Rugs: seagrass can be made into any size and shape of rug, by cutting down or hand-stitching seams–this added cost might put you off, but it is always worth it. Linen bindings look good in toning or contrasting tones, in leather, felt, flat wool embroideries, tapestries, anything goes.
Edges: seagrass looks effective with linen bindings around hearths, stairs, mat wells and on landings around the banisters. These must be hand stitched in situ to look good, from a 5 cm binding approx 1-1.5 cm on top and the rest folded under. Neutral or toning colours will blend in, contrasting ones will add interest: we’ve used contrast bindings to great acclaim, around the perimeters of rooms, and either side of the stairs to create a runner effect. Either use a narrow edging of 1- 1.5 cm, which looks especially good with uneven cottagy walls, or go for it with a full 5-6 cm. A strong formal edging looks really good if the walls are straight and the architecture classic.
Stairs: for thirty years we’ve fitted seagrass to heavy-use stairs in homes and business premises and have experienced no problems whatsoever, other than slight premature wear on the bottom step after 5-6 years, something that can easily be replaced. The key is that it must be well fitted to avoid material slippage. If you have any such concerns, stop the seagrass at the top and the bottom and fit a flat weave wool runner in stripes or a sympathetic geometric pattern.
Exterior doorways: seagrass will wear in front and back doorways, so plan the areas for replacement or use a heavier duty coir mat well. I wouldn’t recommend it for busy hallways, boot rooms or utility areas, which should rather be in an impervious stone that can be washed and scrubbed with water and take this more extreme sort of wear.
Bathrooms: seagrass is a suitable choice so long as the room is well aired. No soft flooring will last a lifetime in any bathroom, and in this respect seagrass will outlast carpet and be much warmer underfoot than tile. Lay it over with soft rugs for a touch of luxury. A bathroom with seagrass flooring, HEMP shower and window curtains is a good place to be, though the materials need to dry fully each time they are wetted.

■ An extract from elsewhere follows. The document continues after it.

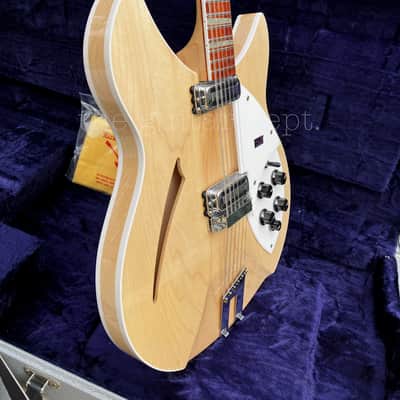 ♚ PRISTINE ♚RARE♚Vintage 1995 RICKENBACKER 360 V64 12 String ♚ MAPLEGLO ♚C63♚ TOASTERS♚30 Yrs! image 12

Under floor heating: without latex backing, seagrass is perfect to lay over concrete and under floor heating. To get the longest wear it must be kept moist, sprayed and aired; it will feel most soft underfoot in combination with a felt underlay.
Practicality: I’ve used seagrass and other rush matting in my own dining rooms and children’s rooms–most dropped food, including sultanas and soft fruit, and sticky play materials will come out with a stiff brush. However, I wouldn’t use it in a kitchen.

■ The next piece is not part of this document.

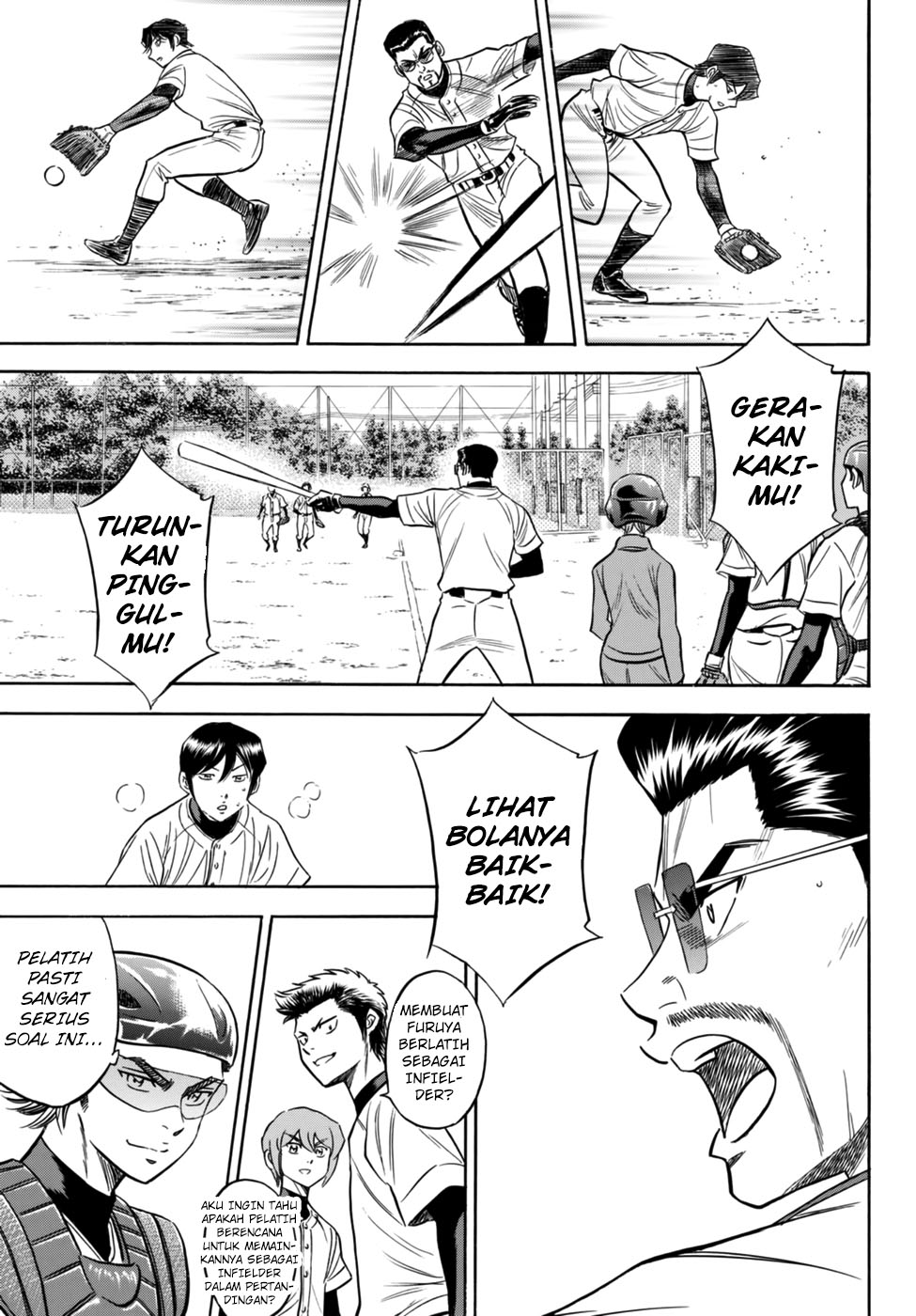 Diamond no Ace Act 2 Chapter 87 - halaman 11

Durability: its impermeable structure makes it hardwearing, durable and naturally stain resistant. I expect seagrass to last a lifetime, which is not something I would expect from any other soft flooring. Having said that, I will mention that after a few years in our first house, I noticed how seagrass can be affected by continuous pressure in a localised area, as it started to show signs of wear in front of an armchair and under office roller chairs. It is classified as medium domestic–light contract.

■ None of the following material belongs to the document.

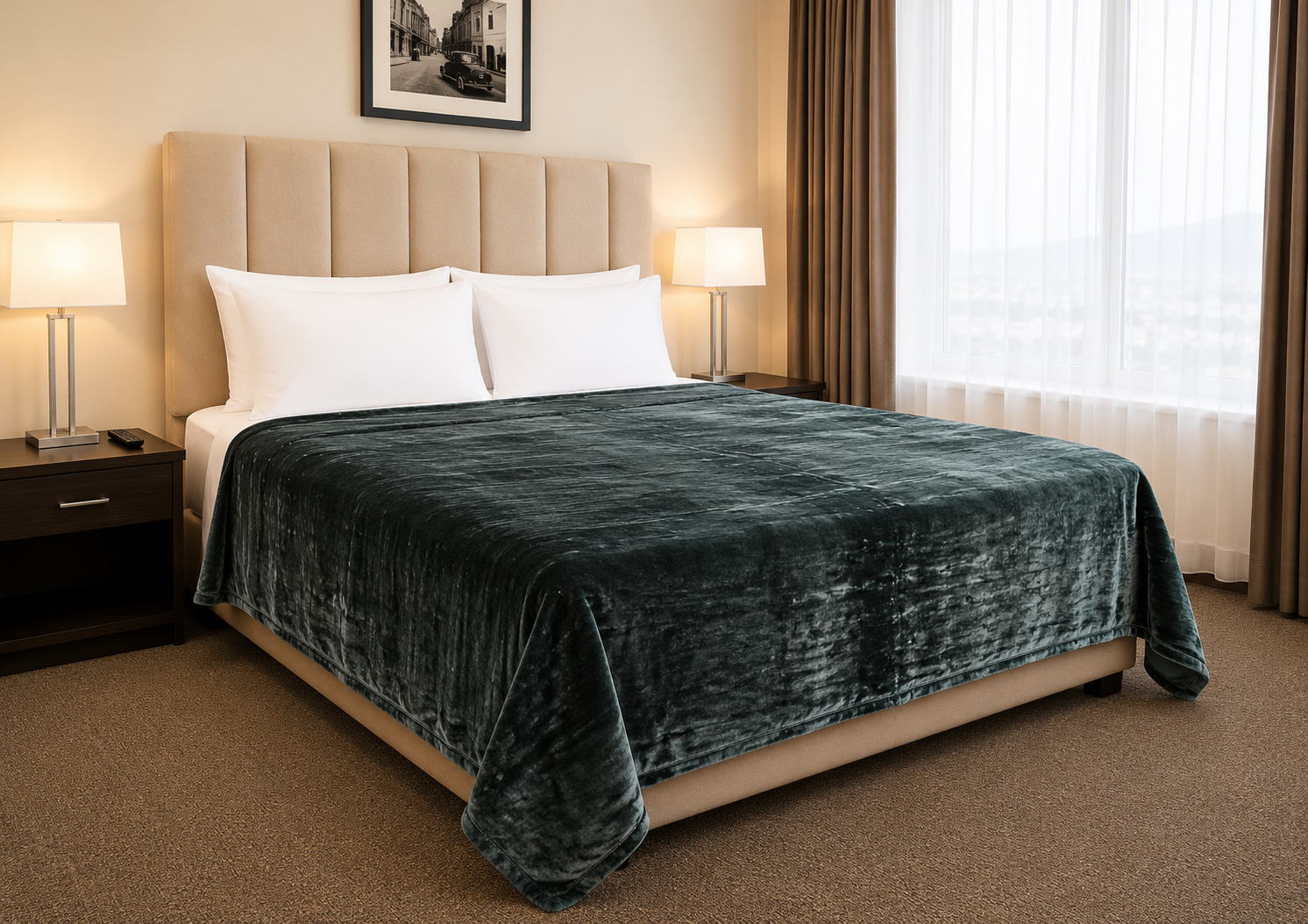 Buy 1Ply Silver Plush Mink Blanket South Africa - Image 10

Maintenance: all seagrass flooring needs to be regularly sprinkled with water to prevent it drying out and becoming brittle. You’ll know this is happening if a fine dust appears on the surface.
Cleaning: regular vacuuming is necessary to remove surface dust. Like all natural materials, stone, slate and wood, seagrass needs to ‘walk up’ to age. To start with, all marks and spots will show, but as the material ages, the surface changes and stains are either absorbed into or repelled by the mature material.